About

Keith Church had a lifelong “urge to paint”

Keith Church was the eldest son of working class parents Albert and Pat Church. Along with his sister Tricia and brother Bob they were all part of a large extended Anglo-Irish family of which I am a proud part.

Keith and Tricia Church and ‘twin’ cousins Kurt Barling and Ed Angeletti circa 1965.

After completing the Art Foundation course at Goldsmiths College London in 1976, he devoted his short adult life to exploring his craft, doing what he believed he was born to do – draw and paint.

Over a period of six years he lived in a kind of ‘hippy’ commune at 76 Station Road in Broxbourne and painted or drew several thousand pictures. He was experimenting furiously with his own aesthetic, but before he could mature as an artist, in 1982, aged just 27, his life was cut short when he was murdered. This quiet, gentle, unassuming and striving artist was stabbed to death on a quiet road in the tiny Hertfordshire town of Broxbourne. It remains one of the few unsolved murders in Britain.

His mother has been the custodian of his art since then. Kept in boxes, on walls in the garage and spare rooms. She was her son’s first serious subject, captured in the picture above, painted age 12. (The age he is in the ‘cousins’ photo). It was the painting that alerted art educator, Harman Sumray, to his student’s potential. Keith focussed on painting the familiar. Whether it be the much younger brother or the scene from his bedroom window in Broxbourne.

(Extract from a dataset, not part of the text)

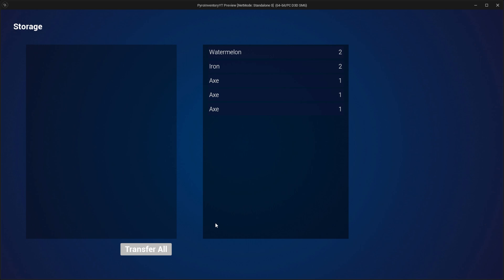In the next video we will be transferring all items back, closing the storage, and also adding single items transfer. So stay tuned for that. Bye.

Keith’s is a familiar story of how an artist struggles to fashion a personal vision in a demanding world. His vision was ultimately incomplete and this exhibition is a reminder of the artistic aspiration of finding a unique way of representing the world. He wrote: “Art is the result of an urge. Controlled and applied by the will of the Artist. Though the urge often comes out far stronger than the control.” (1976)

The range of styles is extraordinarily varied and the work, although without a specific signature, reflects an emerging talent. Inluences can be seen from Gustav Klimt, Paul Cezanne, Joan Miro, Paul Klee, Friedrich Hudertwasser and even Hieronymus Bosch. One can see Pablo Picasso-guitars warped like Salvador Dali’s soft watches or a David’s star and cat that have echos of Marc Chagall’s dreamlike imagery. His use of bright colours in fantastical scenes reminiscent of Max Ernst. His vividly painted self-portraits often have playful elements with decorative shapes. At other times there is an intense or obsessive character to the work capturing a seemingly lost and desperate artist.

Whilst Keith maintains a structured aproach with many of his studies they too reflect a desire for exploration. He is often using his art in a soul-searching exercise; a particular series exhibit the swirling, meandering style, reminiscent of Edward Munch, not just in the clothing, but that curious hallucinative atmosphere created by Munch. At other times he seems to try and catch his dreams or even more darkly his nightmares. His voice was emerging, he had already begun that journey to join the great art family and become involved in something beyond himself, Goldsmiths had recognised that and taken the gamble on his talent.

His father and brother used to collect hundreds of bits of discarded wood and hardboard as proxies for a canvas. A thoughtful and private man, Keith worked with whatever materials he had to hand to craft a body of work. His body of work demonstrates a lack of cash was no brake on his artistic ambition.